According to NACTA, “national political attitudes have not been kind or favorable towards Opposition Leader Aubrey Norton in this politically and culturally polarized society. President Ali, on the other hand, is very likeable and popular.”
According to the opinion poll which has been monitoring political attitudes towards leading politicians, “the PNC leader has been struggling to win peoples’ confidence and for support or traction within his own party’s political base as well as nationally.”
The NACTA poll finding says the public has had a huge net positive favorable rating of President Irfaan Ali, Prime Minister Mark Phillips, and Vice President Bharrat Jagdeo, among others.

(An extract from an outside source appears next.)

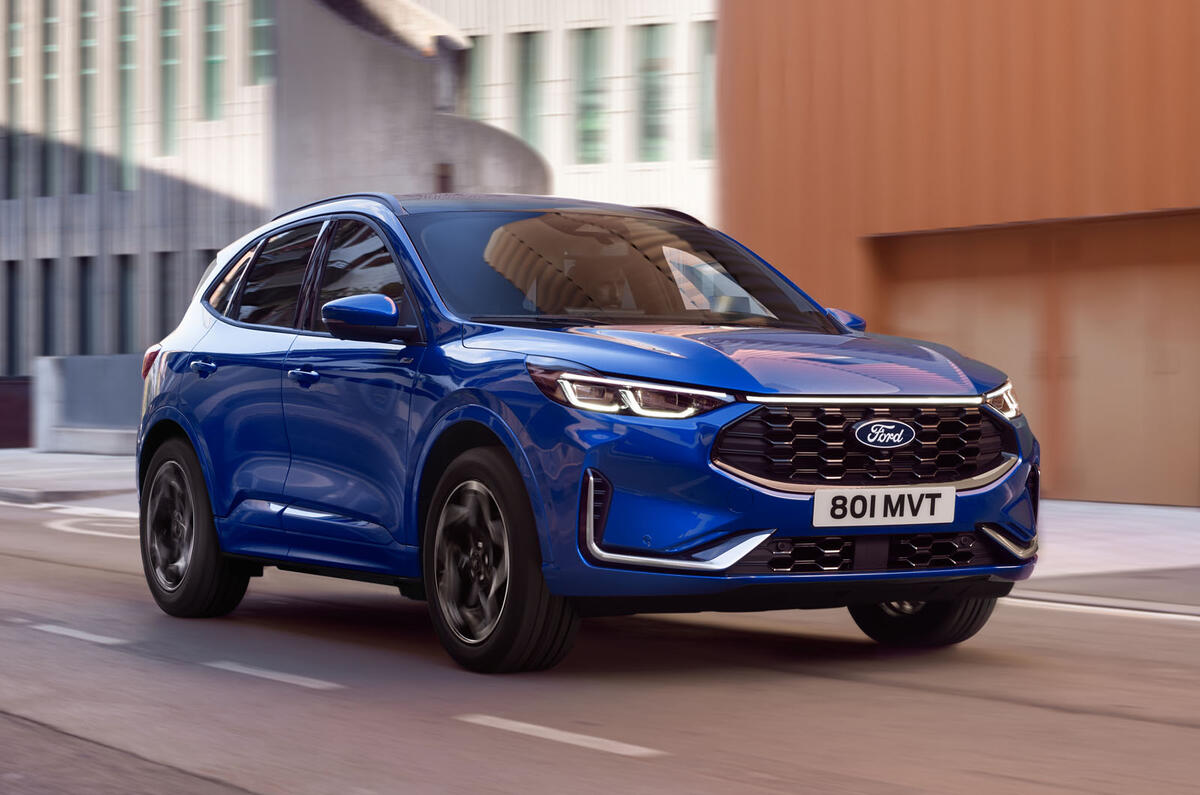 Ford Kuga ST Line 2024 front right quarter driving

On the other hand, while there is a net negative favorability rating of Norton, others in his party to include Amanza Walton-Desir, Ganesh Mahipaul, Geeta Chandan, Volda Lawrence, Christopher Jones, and Roysdale Forde have had a positive net rating.

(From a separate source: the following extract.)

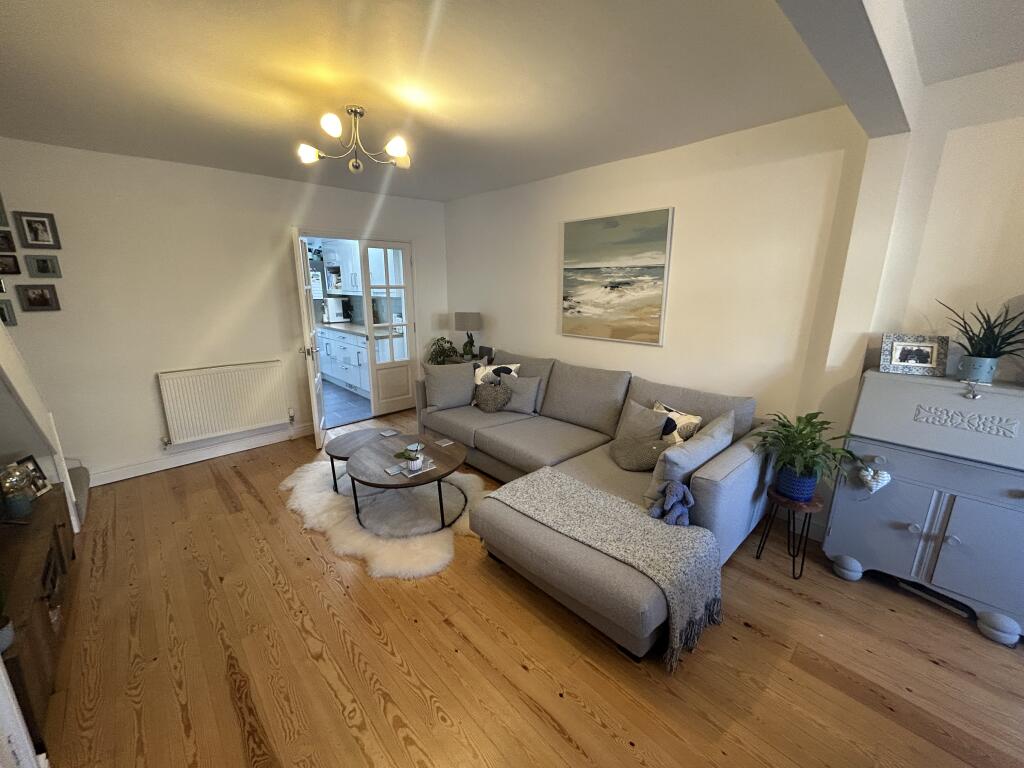 House in Swindon - View 5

Norton was elected leader of the opposition PNC in December 2021. But since then, he has been struggling to gain traction within the party and win national appeal to solidify his place as leader and to lead his party to victory in elections.
Surveys conducted in December 2021 and in February 2022 found favorable support for Norton becoming Opposition Leader. It was felt that since he won the leadership contest, he had the right to serve as Opposition Leader.
He became opposition leader in April 2021 and ever since he has been losing popular appeal within the party’s base. He trails others in popularity ratings within the party base. Support for him as leader of the PNC has whittled away and plateaued.
Only 13% of traditional PNC supporters back him, whereas his political opponent, President Irfaan Ali, has soaring approval ratings (80s) in his party’s base and sixtieth percentile nationally. Norton has no cross over ethnic support, and he is not attracting support from floating or middle of the ground voters critical to winning an election.
Discontented traditional supporters of the PPP reject him. He is not viewed, not even among PNC supporters, as an alternative President in the making to replace incumbent Irfaan Ali. Ali comes across as a populist likeable leader whereas Norton is viewed as the opposite, and not surprisingly he lags behind Ali in popular appeal and voter support.
The general view among the national public is that the PNC will not rebound under Norton’s leadership and will lose the upcoming LGE. Respondents are of the view that Norton should make way for younger, more likeable leadership of the PNC to stem the tide against support loss.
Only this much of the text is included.